Chapter 3

1.2K 99 16
                                    

Unedited, July 8th 2017



Zayn

Ia masih ingat bagaimana gadis berambut gelap itu melewatinya, membawanya kembali pada ingatan kelam yang ia kubur begitu dalam. Zayn tidak pernah menampik kenyataan bahwa hanya Bianca yang selalu ia rindukan, meskipun jauh di dalam, ia tahu. Menggali kenangan yang pernah mereka lalui hanyalah ide terburuk yang hanya membuatnya kembali terpuruk dari puncak tertinggi yang baru ia raih.

Nafas memberat, ia berjalan mengikuti bayangan Bianca pada gadis itu. Terlebih, dejavu terasa begitu nyata ketika gadis itu berbalik menatapnya.

Itu dia, dua mata biru kesukaannya.

Memori indah akan Bianca terproyeksi sempurna menguasai penglihatan Zayn. Tanpa sadar, kerinduannya akan Bianca tidak hanya meracuni sukmanya, namun juga melumpuhkan nalar dirinya. Ia mencium bibir merah gadis itu.

Gadis itu mendorong Zayn menjauh, namun dorongan itu hanya membuat Zayn memasuki alam terdalam ingatannya akan Bianca. Ia terus mencurahkan kerinduannya.

"Jangan berhenti," Kata gadis itu, kemudian membalas ciumannya. Disaat itulah Zayn kembali ke dunia nyata.

Bianca tidak pernah membalas ciumannya.

"Astaga, maafkan aku," Ya, maaf untuk gadis cantik itu, dan kepada dirinya yang begitu bodoh.

Ia tidak ingin melibatkan orang lain di dalam kekacauan dirinya.

Dan sekarang gadis itu di depan Zayn, menawarkan dirinya untuk memasuki gerbang yang sudah ia tutup dengan rapat.



Catherine


"Aku begitu mabuk saat itu," Zayn memecah keheningan. "Aku minta maaf. Aku tahu semuanya adalah salahku, anggap saja—"

"Anggap saja semuanya tidak pernah terjadi? Itu katamu? Setiap ciuman tidak pernah tak memiliki makna, Zayn. Wow, kenapa semua pria begitu mudah menganggap hal itu sebagai 'anggap saja tidak pernah terjadi' ?" Cath tertawa sarkastik.

"Aku sangat mabuk saat itu,"

"Ya, kau sudah mengatakan hal itu tadi," Cath memutar bola matanya. Faktanya, ketika kau terhubung dengan seseorang melalui sebuah ciuman, tubuhmu akan menjadi satu dengannya walau hanya beberapa saat. Dalam waktu yang sempit itu, Cath mengetahui bahwa lawan mainnya di malam itu tidak berbau alkhohol dan dalam kesadaran yang penuh. Apalagi ketika ciuman itu bukanlah hal yang baru baginya.

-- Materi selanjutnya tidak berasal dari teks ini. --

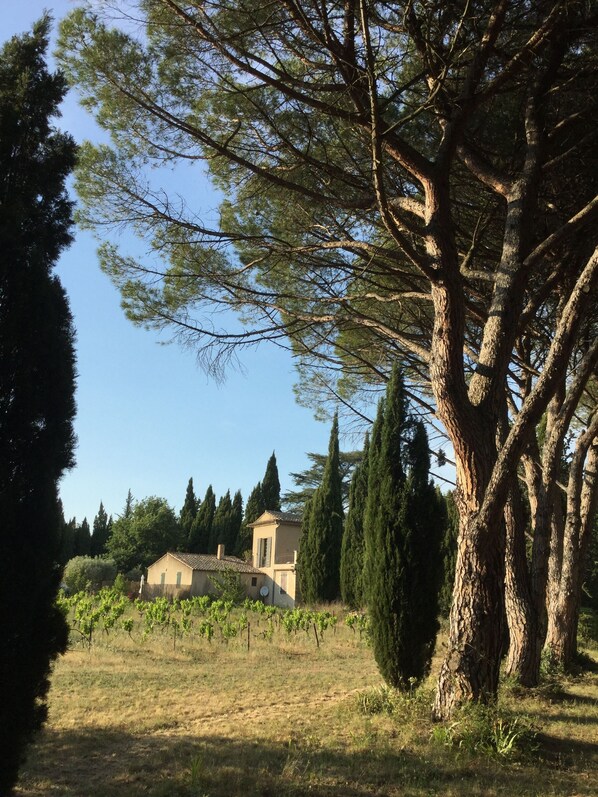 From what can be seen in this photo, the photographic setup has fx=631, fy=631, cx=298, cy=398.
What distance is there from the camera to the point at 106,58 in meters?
6.17

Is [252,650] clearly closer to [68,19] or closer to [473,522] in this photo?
[473,522]

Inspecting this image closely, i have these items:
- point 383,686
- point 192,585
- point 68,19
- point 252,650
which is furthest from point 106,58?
point 192,585

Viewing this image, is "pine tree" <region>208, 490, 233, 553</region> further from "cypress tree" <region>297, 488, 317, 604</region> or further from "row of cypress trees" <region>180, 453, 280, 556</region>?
"cypress tree" <region>297, 488, 317, 604</region>

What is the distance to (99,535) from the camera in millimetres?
46625

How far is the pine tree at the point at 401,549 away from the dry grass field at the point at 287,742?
1.93ft

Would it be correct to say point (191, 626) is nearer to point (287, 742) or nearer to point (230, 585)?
point (230, 585)

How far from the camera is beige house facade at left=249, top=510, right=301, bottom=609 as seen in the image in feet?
83.9

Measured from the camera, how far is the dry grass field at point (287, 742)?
418 centimetres

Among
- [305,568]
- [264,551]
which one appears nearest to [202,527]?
[264,551]

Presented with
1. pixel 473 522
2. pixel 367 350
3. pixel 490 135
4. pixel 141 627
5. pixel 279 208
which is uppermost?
pixel 490 135

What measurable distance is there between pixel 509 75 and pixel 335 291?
3.34 metres

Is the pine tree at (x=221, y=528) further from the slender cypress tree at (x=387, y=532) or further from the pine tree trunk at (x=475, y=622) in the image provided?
the pine tree trunk at (x=475, y=622)

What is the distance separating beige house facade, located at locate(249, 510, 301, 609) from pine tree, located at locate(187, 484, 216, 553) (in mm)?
11427

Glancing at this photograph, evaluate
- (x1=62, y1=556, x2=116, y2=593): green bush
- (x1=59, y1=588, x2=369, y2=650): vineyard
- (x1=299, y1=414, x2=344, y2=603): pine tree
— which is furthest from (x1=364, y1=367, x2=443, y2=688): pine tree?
(x1=62, y1=556, x2=116, y2=593): green bush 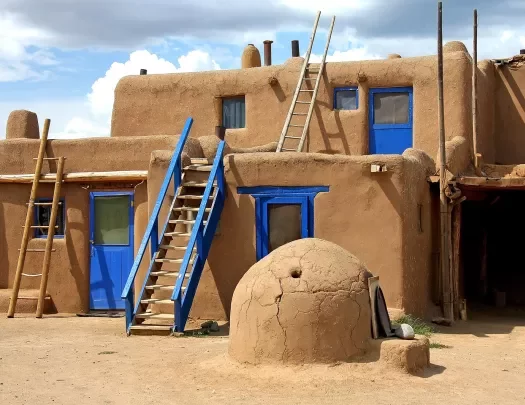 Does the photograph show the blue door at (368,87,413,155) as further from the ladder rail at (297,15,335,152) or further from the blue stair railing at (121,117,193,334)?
the blue stair railing at (121,117,193,334)

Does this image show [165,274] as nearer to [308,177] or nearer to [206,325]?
[206,325]

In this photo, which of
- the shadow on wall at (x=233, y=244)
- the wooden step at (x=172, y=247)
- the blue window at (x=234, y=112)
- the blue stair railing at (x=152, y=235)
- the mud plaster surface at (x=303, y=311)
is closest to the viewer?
the mud plaster surface at (x=303, y=311)

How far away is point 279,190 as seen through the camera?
13727 millimetres

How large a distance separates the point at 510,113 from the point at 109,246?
894 centimetres

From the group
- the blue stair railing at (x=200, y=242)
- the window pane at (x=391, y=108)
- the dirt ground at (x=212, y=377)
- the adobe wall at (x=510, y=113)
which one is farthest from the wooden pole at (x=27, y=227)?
the adobe wall at (x=510, y=113)

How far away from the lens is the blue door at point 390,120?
669 inches

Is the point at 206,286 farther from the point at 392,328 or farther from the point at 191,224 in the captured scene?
the point at 392,328

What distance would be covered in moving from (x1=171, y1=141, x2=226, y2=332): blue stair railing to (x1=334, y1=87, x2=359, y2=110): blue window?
452 centimetres

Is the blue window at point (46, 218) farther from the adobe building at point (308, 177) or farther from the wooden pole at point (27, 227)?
the wooden pole at point (27, 227)

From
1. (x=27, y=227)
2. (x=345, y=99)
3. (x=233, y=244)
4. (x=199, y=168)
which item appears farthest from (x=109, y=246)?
(x=345, y=99)

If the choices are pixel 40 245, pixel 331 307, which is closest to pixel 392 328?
pixel 331 307

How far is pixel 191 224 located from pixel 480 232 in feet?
29.7

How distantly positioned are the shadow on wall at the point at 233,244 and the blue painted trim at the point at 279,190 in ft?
0.33

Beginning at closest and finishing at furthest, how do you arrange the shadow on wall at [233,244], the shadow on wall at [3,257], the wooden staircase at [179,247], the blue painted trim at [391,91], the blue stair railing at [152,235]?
the blue stair railing at [152,235] < the wooden staircase at [179,247] < the shadow on wall at [233,244] < the shadow on wall at [3,257] < the blue painted trim at [391,91] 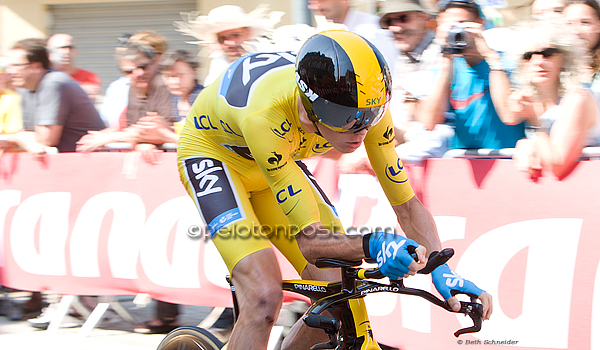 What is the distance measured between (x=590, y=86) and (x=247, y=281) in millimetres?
2511

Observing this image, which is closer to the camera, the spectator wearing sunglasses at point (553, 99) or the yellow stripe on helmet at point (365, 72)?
the yellow stripe on helmet at point (365, 72)

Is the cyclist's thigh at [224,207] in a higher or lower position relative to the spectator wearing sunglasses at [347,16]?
lower

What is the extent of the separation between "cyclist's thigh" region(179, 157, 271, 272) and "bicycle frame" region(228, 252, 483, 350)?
0.37 m

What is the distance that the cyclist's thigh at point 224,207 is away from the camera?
2.93 metres

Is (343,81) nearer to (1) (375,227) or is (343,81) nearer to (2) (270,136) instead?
(2) (270,136)

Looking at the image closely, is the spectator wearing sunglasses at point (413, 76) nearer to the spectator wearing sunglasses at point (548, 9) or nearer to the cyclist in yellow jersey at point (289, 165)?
the spectator wearing sunglasses at point (548, 9)

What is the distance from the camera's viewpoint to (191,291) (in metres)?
4.89

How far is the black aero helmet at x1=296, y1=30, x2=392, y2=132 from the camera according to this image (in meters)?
2.39

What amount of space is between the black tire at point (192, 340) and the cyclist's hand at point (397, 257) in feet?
4.18

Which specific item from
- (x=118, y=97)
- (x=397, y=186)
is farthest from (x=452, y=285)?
(x=118, y=97)

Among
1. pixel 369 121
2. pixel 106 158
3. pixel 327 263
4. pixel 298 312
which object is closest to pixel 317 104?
pixel 369 121

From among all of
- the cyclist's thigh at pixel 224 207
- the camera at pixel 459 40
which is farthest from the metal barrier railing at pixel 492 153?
the cyclist's thigh at pixel 224 207

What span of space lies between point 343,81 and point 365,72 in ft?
0.30

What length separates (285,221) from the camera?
3305 mm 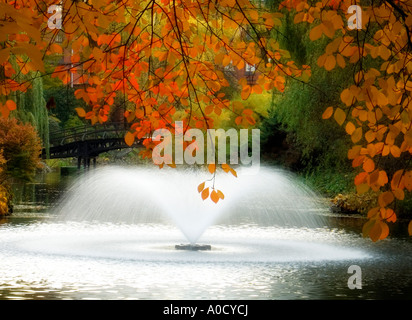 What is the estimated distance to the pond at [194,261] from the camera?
37.7 ft

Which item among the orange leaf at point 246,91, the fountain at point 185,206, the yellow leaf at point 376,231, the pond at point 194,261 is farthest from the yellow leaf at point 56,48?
the fountain at point 185,206

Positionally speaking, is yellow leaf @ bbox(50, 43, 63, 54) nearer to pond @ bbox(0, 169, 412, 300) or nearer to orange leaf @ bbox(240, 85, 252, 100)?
orange leaf @ bbox(240, 85, 252, 100)

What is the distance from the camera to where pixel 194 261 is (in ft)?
47.6

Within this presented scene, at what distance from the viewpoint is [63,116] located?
66938 millimetres

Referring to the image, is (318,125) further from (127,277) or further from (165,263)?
(127,277)

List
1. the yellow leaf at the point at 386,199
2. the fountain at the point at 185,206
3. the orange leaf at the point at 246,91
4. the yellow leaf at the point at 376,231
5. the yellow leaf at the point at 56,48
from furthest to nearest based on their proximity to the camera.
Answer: the fountain at the point at 185,206 → the orange leaf at the point at 246,91 → the yellow leaf at the point at 56,48 → the yellow leaf at the point at 386,199 → the yellow leaf at the point at 376,231

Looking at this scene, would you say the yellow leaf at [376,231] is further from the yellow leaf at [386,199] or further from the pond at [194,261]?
the pond at [194,261]

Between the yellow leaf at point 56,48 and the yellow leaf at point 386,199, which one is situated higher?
the yellow leaf at point 56,48

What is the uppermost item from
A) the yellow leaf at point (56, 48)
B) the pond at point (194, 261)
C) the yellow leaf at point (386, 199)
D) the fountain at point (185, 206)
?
the yellow leaf at point (56, 48)

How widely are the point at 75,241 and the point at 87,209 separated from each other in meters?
9.42

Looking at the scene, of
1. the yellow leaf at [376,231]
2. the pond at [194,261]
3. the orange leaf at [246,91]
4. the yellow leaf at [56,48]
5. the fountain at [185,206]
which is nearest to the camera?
the yellow leaf at [376,231]

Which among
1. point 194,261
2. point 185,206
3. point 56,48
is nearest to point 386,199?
point 56,48

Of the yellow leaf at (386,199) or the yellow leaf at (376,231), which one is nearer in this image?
the yellow leaf at (376,231)

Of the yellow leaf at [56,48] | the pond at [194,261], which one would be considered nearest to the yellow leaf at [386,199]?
the yellow leaf at [56,48] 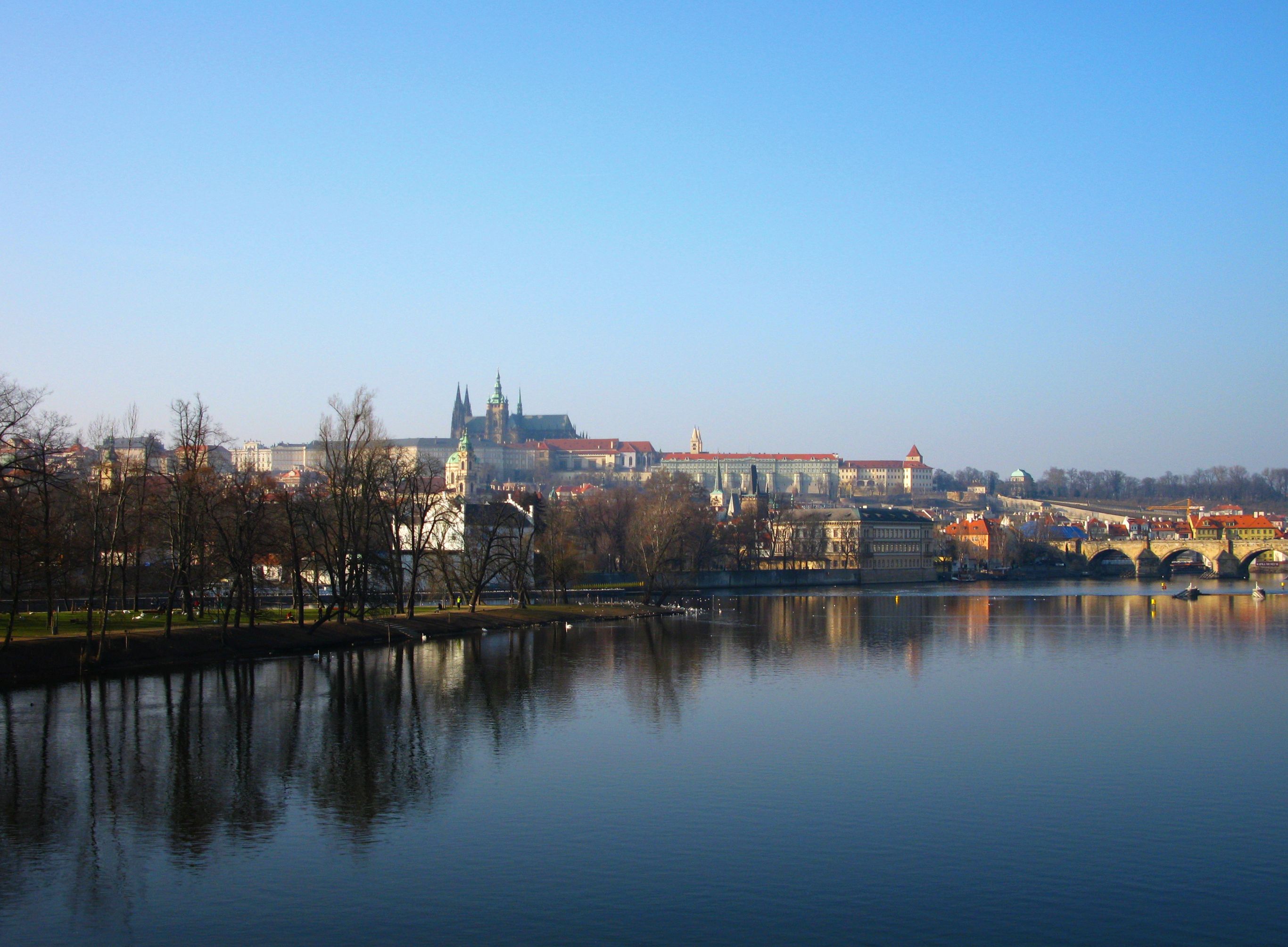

Ia tidak memungkiri jawaban ini sangat mungkin keluar dari mulut pria brengsek di depannya. Setidaknya, bila Zayn jujur mengenai 'aku tidak ingin membawa ini ke hal yang serius' mungkin Catherine bisa memakluminya. Tapi, mengapa harus mencari kebohongan sebagai alasan? Pria memang makhluk yang menjengkelkan.

"Maaf," Cath mendinginkan suasana. "Lupakan saja hal itu, anggap saja tidak pernah terjadi, maksudku, yeah, lupakan. Omong-omong ini alamat e-mail ku." Ia menuliskan alamat surel yang ia miliki sejak SMA diatas kertas post-it kuning diatas meja Zayn.

Setidaknya Cath sudah mendapatkan jawaban bahwa bukan hanya dirinya yang ingin kejadian itu tidak sampai di telinga warga NYU. Cath berjalan meninggalkan ruangan tanpa menatapnya kembali.